Buying a home is one of the biggest purchases and most important milestones in most people’s lives. But before rushing into it, you should determine whether you can afford to buy a home.
First, Make Sure You Have a Down Payment to Buy a Home
If you are looking to buy a home, the first step is making sure you have enough money to afford to make a down payment. In general, it is advised to have enough saved up to make a down payment of 20%. This allows you to avoid paying for private mortgage insurance (PMI), which adds to your mortgage payments every month.
Do the Percentages Math on Debt and Mortgage Payments
Another thing to consider when buying a home is how much of your income is being spent on your mortgage and debt. To determine if you can afford a mortgage, you can follow the 28/36 rule. This rule states that you should spend no more than 28% of your gross monthly income on a mortgage and no more than 36% on your total debt.
Your debt-to-income (DTI) ratio is typically used to determine whether you will be approved for a mortgage or not. You should aim to have a DTI of around 36%, as anything over 43% will likely keep you from being approved. To calculate your DTI, add up all your monthly debt payments and divide that by your gross monthly income. If your DTI is too high, you may want to reduce debt or wait until you start earning more before trying to buy a home.
Make Sure You Will Still Have Some Cash Left Over
The affordability of a home will also depend on how much your savings will be impacted if you choose to purchase it. Make sure that you have some cash left over after paying the down payment in case of the (likely) unexpected expenses that will pop up. Depleting your emergency funds to pay for a home is never a good idea and is a possible indicator that you can’t afford it right now.
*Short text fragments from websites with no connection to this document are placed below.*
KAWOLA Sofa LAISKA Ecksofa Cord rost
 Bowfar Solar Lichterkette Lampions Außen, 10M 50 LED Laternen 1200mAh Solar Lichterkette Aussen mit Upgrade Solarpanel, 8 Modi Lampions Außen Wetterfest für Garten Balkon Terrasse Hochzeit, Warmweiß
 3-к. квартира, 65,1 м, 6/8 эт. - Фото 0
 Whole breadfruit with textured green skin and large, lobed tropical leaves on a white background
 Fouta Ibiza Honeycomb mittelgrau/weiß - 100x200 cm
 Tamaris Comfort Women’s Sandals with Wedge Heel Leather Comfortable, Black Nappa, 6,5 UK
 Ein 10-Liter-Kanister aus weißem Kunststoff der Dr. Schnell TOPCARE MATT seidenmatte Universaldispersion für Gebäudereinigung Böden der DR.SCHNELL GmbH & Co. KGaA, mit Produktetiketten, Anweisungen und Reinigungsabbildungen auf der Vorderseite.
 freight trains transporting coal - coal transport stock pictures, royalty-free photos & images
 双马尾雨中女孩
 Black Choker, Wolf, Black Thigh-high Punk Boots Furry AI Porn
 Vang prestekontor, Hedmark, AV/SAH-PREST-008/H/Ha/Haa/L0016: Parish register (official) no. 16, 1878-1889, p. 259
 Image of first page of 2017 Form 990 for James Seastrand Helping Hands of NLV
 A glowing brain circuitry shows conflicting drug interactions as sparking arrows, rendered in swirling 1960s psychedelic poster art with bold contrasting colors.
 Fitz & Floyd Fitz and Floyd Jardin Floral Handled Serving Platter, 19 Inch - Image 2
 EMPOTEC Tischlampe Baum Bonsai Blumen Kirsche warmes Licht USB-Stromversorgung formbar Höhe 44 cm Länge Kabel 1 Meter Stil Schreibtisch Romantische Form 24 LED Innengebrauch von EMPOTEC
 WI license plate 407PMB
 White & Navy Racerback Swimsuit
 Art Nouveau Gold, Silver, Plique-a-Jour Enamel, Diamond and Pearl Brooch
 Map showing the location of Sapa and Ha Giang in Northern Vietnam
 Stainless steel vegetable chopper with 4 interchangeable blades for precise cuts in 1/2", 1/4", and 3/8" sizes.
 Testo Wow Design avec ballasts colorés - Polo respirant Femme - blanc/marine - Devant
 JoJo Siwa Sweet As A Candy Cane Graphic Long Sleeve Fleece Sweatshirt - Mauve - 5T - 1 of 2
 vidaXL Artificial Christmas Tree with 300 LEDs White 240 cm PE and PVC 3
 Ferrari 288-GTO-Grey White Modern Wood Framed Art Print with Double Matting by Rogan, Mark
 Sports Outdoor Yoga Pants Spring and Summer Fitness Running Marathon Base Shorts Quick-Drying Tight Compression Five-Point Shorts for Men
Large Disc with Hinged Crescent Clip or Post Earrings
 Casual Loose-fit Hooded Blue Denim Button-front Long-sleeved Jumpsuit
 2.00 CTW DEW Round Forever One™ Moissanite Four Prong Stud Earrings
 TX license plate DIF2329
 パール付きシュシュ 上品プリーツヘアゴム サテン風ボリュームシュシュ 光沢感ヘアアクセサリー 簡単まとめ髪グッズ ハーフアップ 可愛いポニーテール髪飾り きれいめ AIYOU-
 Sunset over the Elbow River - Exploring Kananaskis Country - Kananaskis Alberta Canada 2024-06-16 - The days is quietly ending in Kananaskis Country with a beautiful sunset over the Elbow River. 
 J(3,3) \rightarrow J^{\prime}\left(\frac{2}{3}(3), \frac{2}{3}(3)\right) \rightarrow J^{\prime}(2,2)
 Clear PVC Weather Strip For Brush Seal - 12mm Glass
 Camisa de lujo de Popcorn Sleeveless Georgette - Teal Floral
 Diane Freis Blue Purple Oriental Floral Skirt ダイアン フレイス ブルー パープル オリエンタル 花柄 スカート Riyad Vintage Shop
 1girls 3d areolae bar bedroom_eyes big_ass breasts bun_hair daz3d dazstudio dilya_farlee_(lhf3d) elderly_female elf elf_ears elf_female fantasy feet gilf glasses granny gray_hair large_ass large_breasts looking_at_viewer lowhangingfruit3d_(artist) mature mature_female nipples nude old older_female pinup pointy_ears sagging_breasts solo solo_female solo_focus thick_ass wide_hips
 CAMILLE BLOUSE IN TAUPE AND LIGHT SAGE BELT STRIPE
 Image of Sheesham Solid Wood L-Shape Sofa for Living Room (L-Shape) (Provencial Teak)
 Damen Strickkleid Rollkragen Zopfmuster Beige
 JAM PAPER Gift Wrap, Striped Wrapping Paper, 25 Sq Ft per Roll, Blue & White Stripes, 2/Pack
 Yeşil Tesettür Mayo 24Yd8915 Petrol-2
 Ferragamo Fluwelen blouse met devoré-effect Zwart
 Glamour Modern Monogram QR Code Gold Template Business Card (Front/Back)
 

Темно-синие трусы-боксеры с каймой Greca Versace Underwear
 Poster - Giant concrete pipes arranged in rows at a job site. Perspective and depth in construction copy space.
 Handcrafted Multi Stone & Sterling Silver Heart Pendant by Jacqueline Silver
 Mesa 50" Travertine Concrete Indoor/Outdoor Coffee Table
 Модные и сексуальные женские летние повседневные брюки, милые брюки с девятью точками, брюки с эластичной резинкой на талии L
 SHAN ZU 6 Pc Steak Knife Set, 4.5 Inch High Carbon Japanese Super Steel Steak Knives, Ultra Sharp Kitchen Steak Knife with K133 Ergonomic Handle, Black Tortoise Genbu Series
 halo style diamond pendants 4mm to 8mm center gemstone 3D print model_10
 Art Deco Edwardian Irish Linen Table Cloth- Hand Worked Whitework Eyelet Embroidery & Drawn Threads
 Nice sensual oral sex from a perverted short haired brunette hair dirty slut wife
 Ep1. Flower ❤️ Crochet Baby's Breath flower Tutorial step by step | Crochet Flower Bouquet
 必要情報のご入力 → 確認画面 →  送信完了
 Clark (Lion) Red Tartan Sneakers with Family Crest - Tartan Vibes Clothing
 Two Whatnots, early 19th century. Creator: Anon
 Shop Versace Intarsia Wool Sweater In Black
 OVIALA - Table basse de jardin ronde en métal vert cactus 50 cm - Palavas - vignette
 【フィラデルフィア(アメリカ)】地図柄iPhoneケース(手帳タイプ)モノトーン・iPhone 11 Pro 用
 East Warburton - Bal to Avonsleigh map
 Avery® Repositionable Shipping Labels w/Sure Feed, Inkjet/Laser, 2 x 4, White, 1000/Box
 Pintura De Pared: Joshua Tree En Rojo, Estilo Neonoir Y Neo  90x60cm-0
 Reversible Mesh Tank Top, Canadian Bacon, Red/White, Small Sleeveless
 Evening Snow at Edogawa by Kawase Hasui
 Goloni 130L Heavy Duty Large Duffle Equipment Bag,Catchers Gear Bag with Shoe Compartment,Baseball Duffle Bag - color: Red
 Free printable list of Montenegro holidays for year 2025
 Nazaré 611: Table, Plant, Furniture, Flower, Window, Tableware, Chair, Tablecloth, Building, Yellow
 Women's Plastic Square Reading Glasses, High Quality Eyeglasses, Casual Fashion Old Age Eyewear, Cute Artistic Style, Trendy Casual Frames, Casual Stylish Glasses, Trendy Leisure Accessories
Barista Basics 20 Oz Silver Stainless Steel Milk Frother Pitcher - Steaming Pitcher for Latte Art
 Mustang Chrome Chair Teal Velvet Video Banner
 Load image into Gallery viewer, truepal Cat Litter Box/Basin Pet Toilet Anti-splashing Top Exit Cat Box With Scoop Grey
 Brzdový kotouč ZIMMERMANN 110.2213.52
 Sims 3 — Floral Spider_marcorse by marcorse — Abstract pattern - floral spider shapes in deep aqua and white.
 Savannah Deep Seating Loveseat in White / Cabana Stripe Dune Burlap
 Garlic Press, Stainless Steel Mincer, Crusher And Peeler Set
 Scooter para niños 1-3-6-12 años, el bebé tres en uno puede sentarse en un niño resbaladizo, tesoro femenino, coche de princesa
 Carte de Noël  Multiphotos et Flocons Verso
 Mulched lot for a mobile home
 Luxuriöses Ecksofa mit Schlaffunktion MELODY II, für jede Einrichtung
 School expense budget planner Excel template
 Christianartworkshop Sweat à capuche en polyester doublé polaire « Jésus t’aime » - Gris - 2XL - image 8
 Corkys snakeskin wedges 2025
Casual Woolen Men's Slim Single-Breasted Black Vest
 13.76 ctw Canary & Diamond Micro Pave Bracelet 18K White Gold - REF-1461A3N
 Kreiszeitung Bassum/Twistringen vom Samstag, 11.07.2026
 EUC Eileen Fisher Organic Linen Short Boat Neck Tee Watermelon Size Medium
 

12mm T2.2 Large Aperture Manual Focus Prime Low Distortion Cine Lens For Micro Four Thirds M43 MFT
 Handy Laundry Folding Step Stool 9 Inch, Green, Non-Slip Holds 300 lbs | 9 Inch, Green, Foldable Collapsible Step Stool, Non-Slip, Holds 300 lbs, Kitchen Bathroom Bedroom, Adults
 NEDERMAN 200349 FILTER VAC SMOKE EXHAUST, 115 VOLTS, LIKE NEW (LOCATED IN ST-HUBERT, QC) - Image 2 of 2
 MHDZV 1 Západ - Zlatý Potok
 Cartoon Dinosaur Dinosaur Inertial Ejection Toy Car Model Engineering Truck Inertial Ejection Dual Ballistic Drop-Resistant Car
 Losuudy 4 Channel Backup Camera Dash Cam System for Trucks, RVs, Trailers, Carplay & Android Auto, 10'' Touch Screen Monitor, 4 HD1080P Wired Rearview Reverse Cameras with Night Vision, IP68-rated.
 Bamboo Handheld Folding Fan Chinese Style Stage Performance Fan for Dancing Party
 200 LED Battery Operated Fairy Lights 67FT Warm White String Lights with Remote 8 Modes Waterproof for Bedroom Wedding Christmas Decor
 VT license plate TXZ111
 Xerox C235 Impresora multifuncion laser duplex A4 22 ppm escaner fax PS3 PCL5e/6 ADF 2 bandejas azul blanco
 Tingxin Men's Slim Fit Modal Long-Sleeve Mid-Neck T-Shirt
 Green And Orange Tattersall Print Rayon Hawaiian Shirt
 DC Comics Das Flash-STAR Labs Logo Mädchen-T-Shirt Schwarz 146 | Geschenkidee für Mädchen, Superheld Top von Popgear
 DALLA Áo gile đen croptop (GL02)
The key basis for determining if you can afford a home is your mortgage rate. Your mortgage rate will depend on several factors, such as your credit score, down payment amount, and DTI ratio. Lenders take all these factors into account when determining your mortgage rate. Therefore, if you want to make sure your profile is in good shape to get the lowest possible mortgage rate. This often means paying down as much debt as you can before you try to buy.